*Description of the task*
Your answer should be the entries below, reproduced character for character.

*Entries shown*
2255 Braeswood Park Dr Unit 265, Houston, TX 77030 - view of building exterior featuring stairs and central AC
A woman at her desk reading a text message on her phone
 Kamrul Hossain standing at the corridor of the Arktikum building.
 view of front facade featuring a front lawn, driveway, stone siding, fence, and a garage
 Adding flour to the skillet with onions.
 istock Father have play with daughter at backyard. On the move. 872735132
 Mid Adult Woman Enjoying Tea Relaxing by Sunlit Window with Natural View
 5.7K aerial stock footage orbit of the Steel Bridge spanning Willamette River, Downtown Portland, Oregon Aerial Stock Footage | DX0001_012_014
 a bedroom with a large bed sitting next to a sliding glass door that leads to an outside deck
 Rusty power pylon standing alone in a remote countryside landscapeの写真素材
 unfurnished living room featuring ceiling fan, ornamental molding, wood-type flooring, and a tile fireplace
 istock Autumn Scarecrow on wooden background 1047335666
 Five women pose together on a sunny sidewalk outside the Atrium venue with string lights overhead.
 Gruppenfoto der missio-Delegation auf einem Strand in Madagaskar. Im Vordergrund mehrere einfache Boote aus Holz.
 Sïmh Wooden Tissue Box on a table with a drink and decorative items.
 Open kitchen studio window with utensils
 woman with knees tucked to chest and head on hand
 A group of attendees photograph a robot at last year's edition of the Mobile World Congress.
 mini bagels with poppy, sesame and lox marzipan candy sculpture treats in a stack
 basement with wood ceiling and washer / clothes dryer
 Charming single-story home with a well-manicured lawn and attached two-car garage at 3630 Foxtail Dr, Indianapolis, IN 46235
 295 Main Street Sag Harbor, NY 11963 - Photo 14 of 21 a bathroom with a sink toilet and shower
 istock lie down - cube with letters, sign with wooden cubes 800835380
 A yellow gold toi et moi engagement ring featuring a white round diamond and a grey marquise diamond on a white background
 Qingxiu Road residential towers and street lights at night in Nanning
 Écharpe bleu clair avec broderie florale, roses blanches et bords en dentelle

*Answer to this task*
2255 Braeswood Park Dr Unit 265, Houston, TX 77030 - view of building exterior featuring stairs and central AC
A woman at her desk reading a text message on her phone
 Kamrul Hossain standing at the corridor of the Arktikum building.
 view of front facade featuring a front lawn, driveway, stone siding, fence, and a garage
 Adding flour to the skillet with onions.
 istock Father have play with daughter at backyard. On the move. 872735132
 Mid Adult Woman Enjoying Tea Relaxing by Sunlit Window with Natural View
 5.7K aerial stock footage orbit of the Steel Bridge spanning Willamette River, Downtown Portland, Oregon Aerial Stock Footage | DX0001_012_014
 a bedroom with a large bed sitting next to a sliding glass door that leads to an outside deck
 Rusty power pylon standing alone in a remote countryside landscapeの写真素材
 unfurnished living room featuring ceiling fan, ornamental molding, wood-type flooring, and a tile fireplace
 istock Autumn Scarecrow on wooden background 1047335666
 Five women pose together on a sunny sidewalk outside the Atrium venue with string lights overhead.
 Gruppenfoto der missio-Delegation auf einem Strand in Madagaskar. Im Vordergrund mehrere einfache Boote aus Holz.
 Sïmh Wooden Tissue Box on a table with a drink and decorative items.
 Open kitchen studio window with utensils
 woman with knees tucked to chest and head on hand
 A group of attendees photograph a robot at last year's edition of the Mobile World Congress.
 mini bagels with poppy, sesame and lox marzipan candy sculpture treats in a stack
 basement with wood ceiling and washer / clothes dryer
 Charming single-story home with a well-manicured lawn and attached two-car garage at 3630 Foxtail Dr, Indianapolis, IN 46235
 295 Main Street Sag Harbor, NY 11963 - Photo 14 of 21 a bathroom with a sink toilet and shower
 istock lie down - cube with letters, sign with wooden cubes 800835380
 A yellow gold toi et moi engagement ring featuring a white round diamond and a grey marquise diamond on a white background
 Qingxiu Road residential towers and street lights at night in Nanning
 Écharpe bleu clair avec broderie florale, roses blanches et bords en dentelle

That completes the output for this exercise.